Pourtant, celle-ci s’est fortement dégradée durant ces neuf jours. Le 19, soit la veille du tournage de la vidéo, les autorités de Shanghai renvoyaient la plupart des écoliers chez eux pour suivre les cours à distance, comme le rapporte cet article de la BBC.

Peu avant Noël, elles appelaient les habitants à rester chez eux pour contenir l’avancée du virus. Le nombre de Chinois contaminés en 24 heures aurait atteint 37 millions durant cette période, selon des estimations gouvernementales révélées par Bloomberg.

Le 24 décembre, les files d'attente à l’entrée de services d’urgences saturés sont filmées par les médias internationaux, comme on peut le constater dans cet autre reportage de France 24. 

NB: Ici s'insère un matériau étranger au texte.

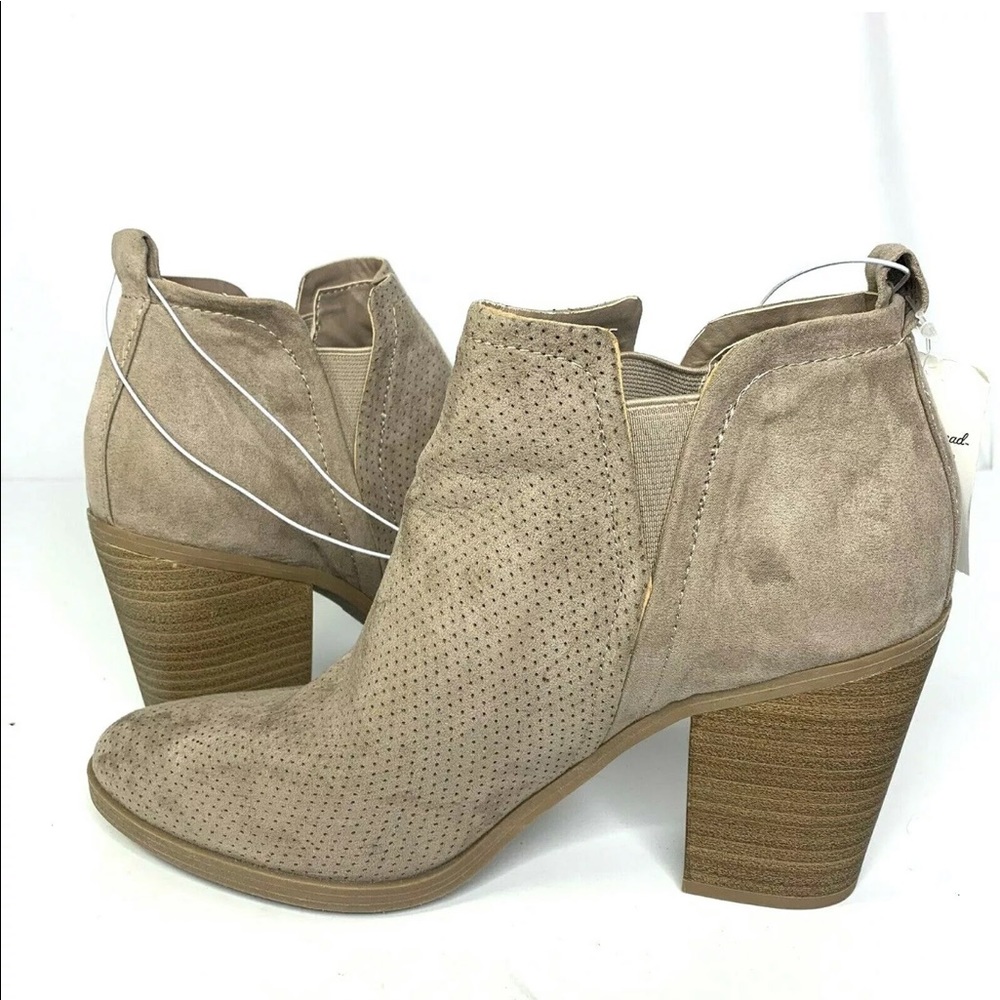 Avalyn Women’s Microsuede Laser Cut Booties - Picture 8 of 9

Des images récentes, publiées le 2 janvier par le journaliste Frédéric Schaeffer, montrent des scènes similaires à l'hôpital Zhongshan, l’un des plus grands établissements publics de la ville.

Des images de dispensaires, et pas d’hôpitaux

Par ailleurs, les images d’Andy Boreham ne montrent pas les hôpitaux de la ville, comme le prétendent ceux qui les relaient. Le journaliste précise lui même dans la vidéo à quels établissements de santé il s’intéresse : “je suis devant une ‘fever clinic’, comme vous pouvez le voir il n’y a presque personne qui attend.”

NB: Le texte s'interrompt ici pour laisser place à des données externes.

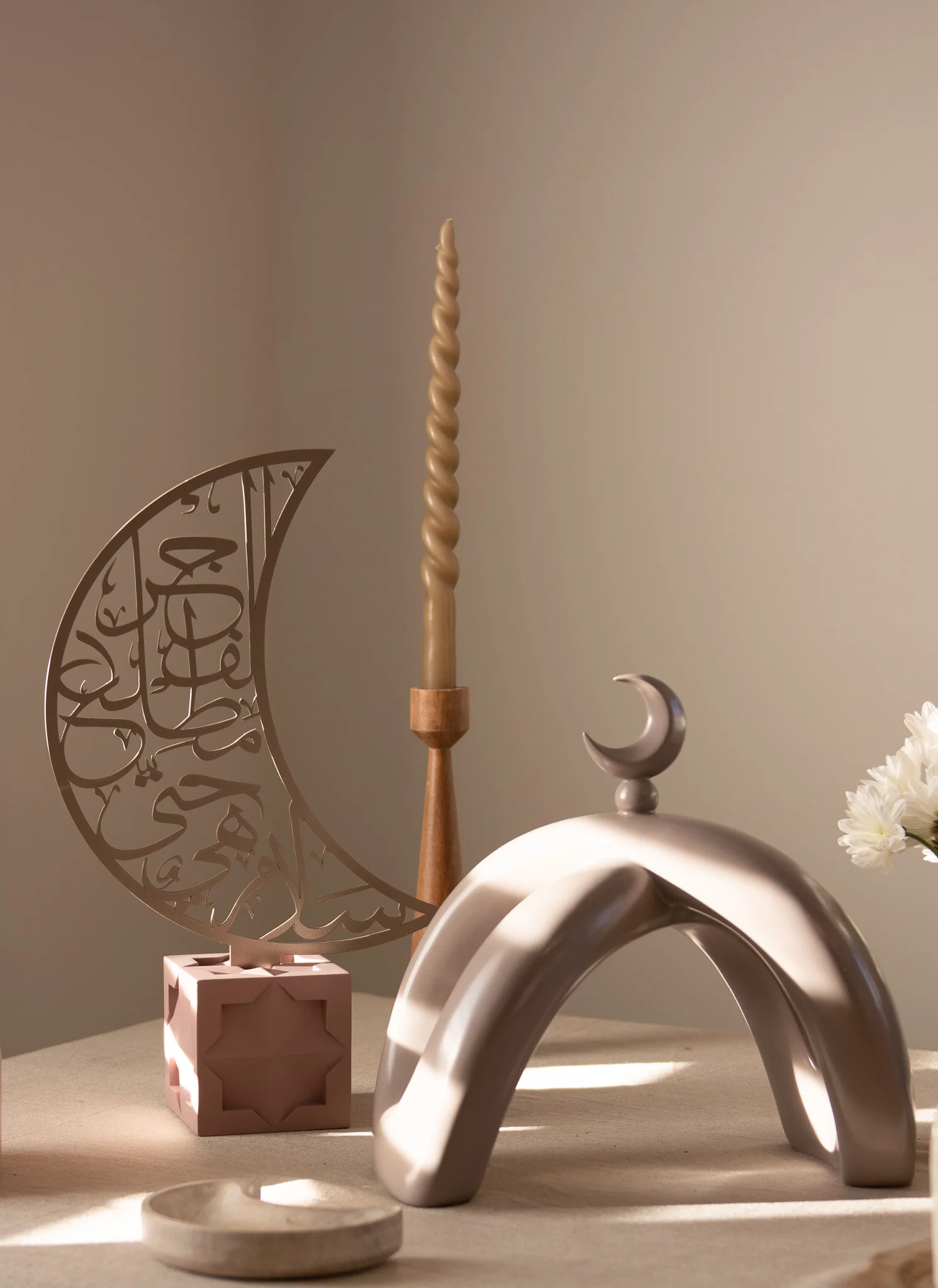 Crescent Knot Sculpture: Mocha - Image 3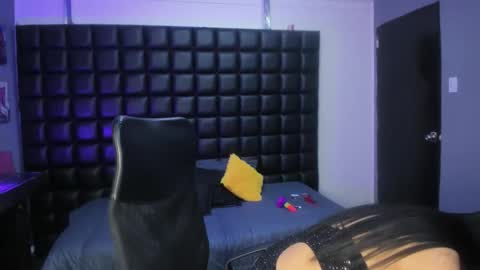 Snapshot of ashlyy_sweet_ chatting on 06-11-26, 02:48 ashlyy sweet online show from 06-11-26, 02:48
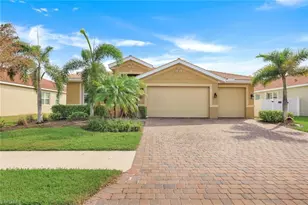2971 Sunset Pointe Cir, Cape Coral, FL 33914 - Photo 1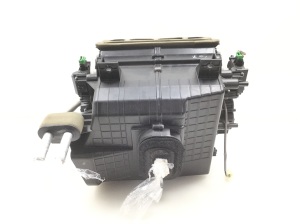 Jaguar XJ (2003–2009) Heater and its parts - 4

Les “fever clinics” sont des dispensaires accueillant les “résidents locaux souffrant de fièvres”, comme le précise ce communiqué du gouvernement de Shanghai, qui a annoncé en avoir ouvert plus de 2 500. Il y assure l’approvisionnement de médicaments, en rupture dans les pharmacies.

Les "fever clinics" sont des structures distinctes des hôpitaux, conçues pour accueillir les patients atteints d'un Covid léger.
Les "fever clinics" sont des structures distinctes des hôpitaux, conçues pour accueillir les patients atteints d'un Covid léger. © Twitter/@AndyBxxx

Souvent aménagées à partir des anciens sites de test, les “fever clinics” doivent soulager les urgences hospitalières des cas de Covid-19 les plus bénins. À l’entrée des hôpitaux, des files d'attente importantes se formaient déjà le 20 décembre, date de de sortie de la vidéo : “au moins trois à quatre heures” dans l’un d’entre eux, de l'aveu même des autorités.

Les établissements filmés par Andy Boreham ne sont donc pas des hôpitaux. De faibles files d'attente à l’entrée ne constituent pas une preuve que les urgences de Shanghai fonctionnent normalement.  

Un discours proche de celui des autorités

Contacté par notre rédaction, Andy Boreham ne nie pas la situation difficile des hôpitaux dans la ville, mais suggère que les malades en seraient en partie responsables. “Les Chinois sont extrêmement sensibles à la fièvre, et courent à l’hôpital même si celle-ci est souvent normale”, assure-t-il. “Cela sature les hôpitaux, au détriment des personnes dans des situations plus urgentes”.

Il affirme également, vidéo à l’appui, que les “fever clinics” de Shanghai restent peu utilisées. “J’aimerais pouvoir dire qu’[elles] sont plus animées, car cela voudrait dire que les gens suivent les conseils du gouvernement, mais ce n’est pas le cas.”

Récemment décoré par une médaille officielle, le journaliste tient un discours en phase avec celui des autorités de la ville, qui appellent régulièrement les habitants à davantage utiliser les “fever clinics”. “Les patients atteints de fièvre et dans un état stable peuvent aller dans les ‘fever clinics’ par eux-mêmes, au lieu d’appeler une ambulance”, peut-on ainsi lire dans un communiqué sur le site officiel de la ville, daté du 26 décembre.

Travaillant pour un groupe de presse supervisé par le Parti communiste chinois, Andy Boreham a récemment été décoré par les autorités de Shanghaï.
Travaillant pour un groupe de presse supervisé par le Parti communiste chinois, Andy Boreham a récemment été décoré par les autorités de Shanghaï. © Twitter/@AndyBxxx

Mais ces établissements ne sont pas équipés pour recevoir les personnes souffrant de formes sévères ou de complications et ne peuvent répondre qu’à une partie de la demande de soins, dans une ville où 36 % de la population a plus de 60 ans. Ces cas graves doivent toujours se rendre dans les hôpitaux, où tous les lits sont parfois occupés, et certains soignants contaminés par le virus, comme le raconte ce reportage du journal Les Echos.